As always, I want people to feel immersed. I hope that the setting is evoked in all its stark, cold beauty. I want the reader’s heartrate to increase and their breathing to quicken in those moments of peril. I want them to question what they might do if they found themselves in the same situation as Erik and Sofia. But I hope also that readers discover the story’s deeper layers, because within this tale of survival is a story about a man facing his own mortality and fears, and of a young girl who is trying to find her place in the world. Phil Stevens, who narrated the audiobook, wrote about Where Blood Runs Cold being a ‘heart-rending action adventure that, as well as being a top tier icy thriller, also explores the human condition, spirituality, grief, and the generational complexities of our journey through life.’ I hope other readers feel that too.

Where does your passion for history come from?
I’ve always felt the echoes of other times and places like vibrations in my subconscious. Like half memories, or dreams whose details are lost but whose feelings and emotions yet linger. A well-written historical novel is the closest thing we have to a time machine. When I read a Christian Cameron or Mary Renault novel, I’m in Ancient Greece. When I first read Bernard Cornwell’s The Winter King, some twenty-six years ago now, I was in Dark Age Britain. As Queen once said, It’s a kind of magic.

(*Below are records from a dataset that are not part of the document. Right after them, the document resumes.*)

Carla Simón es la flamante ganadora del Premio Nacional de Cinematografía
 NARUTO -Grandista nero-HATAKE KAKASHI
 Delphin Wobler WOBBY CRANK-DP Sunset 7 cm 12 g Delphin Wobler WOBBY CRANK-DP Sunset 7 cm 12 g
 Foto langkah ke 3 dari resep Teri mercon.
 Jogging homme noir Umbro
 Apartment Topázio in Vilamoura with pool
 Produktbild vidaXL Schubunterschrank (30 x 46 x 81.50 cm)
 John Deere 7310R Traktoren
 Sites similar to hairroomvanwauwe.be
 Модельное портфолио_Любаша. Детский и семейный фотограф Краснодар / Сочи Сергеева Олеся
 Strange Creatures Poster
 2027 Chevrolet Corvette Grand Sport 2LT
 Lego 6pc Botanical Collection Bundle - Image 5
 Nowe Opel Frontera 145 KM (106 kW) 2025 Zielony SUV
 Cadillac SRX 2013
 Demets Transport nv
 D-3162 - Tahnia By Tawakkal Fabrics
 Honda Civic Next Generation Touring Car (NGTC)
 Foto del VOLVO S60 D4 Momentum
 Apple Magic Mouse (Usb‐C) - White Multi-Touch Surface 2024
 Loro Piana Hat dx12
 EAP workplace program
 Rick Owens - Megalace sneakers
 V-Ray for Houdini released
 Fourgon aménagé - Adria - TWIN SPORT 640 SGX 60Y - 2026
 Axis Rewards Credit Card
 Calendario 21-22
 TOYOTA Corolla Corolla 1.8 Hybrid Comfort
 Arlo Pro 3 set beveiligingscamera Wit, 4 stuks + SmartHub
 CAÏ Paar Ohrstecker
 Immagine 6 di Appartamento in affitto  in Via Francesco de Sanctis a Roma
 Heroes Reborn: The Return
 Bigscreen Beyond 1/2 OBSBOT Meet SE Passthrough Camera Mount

What are you reading at the moment?
I’ve just started an advance copy of Target Zero, the new thriller by Anthony Riches and the sequel to Nemesis. Riches made his reputation with his gritty, long-running Empire series of novels telling of the exploits of Roman soldier Marcus Valerius. But his new hero is Met close protection officer Mickey Bale, who has a penchant for revenge and the skills to take it. In Target Zero, Bale takes a job protecting a powerful Russian Oligarch who is suspected by MI5 of being involved in the killing of a police firearms team. Blackmailed by the Met into being a double agent, the clock is ticking, and Bale must locate more Russian warheads, or thousands will die. As Bale is drawn ever deeper into conspiracy and danger, Anthony Riches is emerging as a thriller writer par excellence.

When you sit down to start work on a novel, what’s the first thing you do?
Every time is slightly different. For Lancelot, I wrote an in-depth chapter plan covering the whole book. For Arthur, my current WIP, there is no plan as such, just a few lines on themes and events. For Where Blood Runs Cold, I wrote a 3000-word outline which served as my pitch to my publisher. There was no point writing a more detailed plan as that would have been the book itself. I must say I detest planning the stories out beforehand. To me it feels like homework. A real chore. I’ll admit though, it does make the writing easier in the long run when you can refer to a detailed outline. However, once you start writing, the story will veer off the path anyway, which is the way it should be.

Finally, how would you sum up Where Blood Runs Cold in three words?
Intense Scandi thriller.

Thanks so much for joining me for this fascinating interview! Where Blood Runs Cold is out now in hardback, ebook and audiobook formats.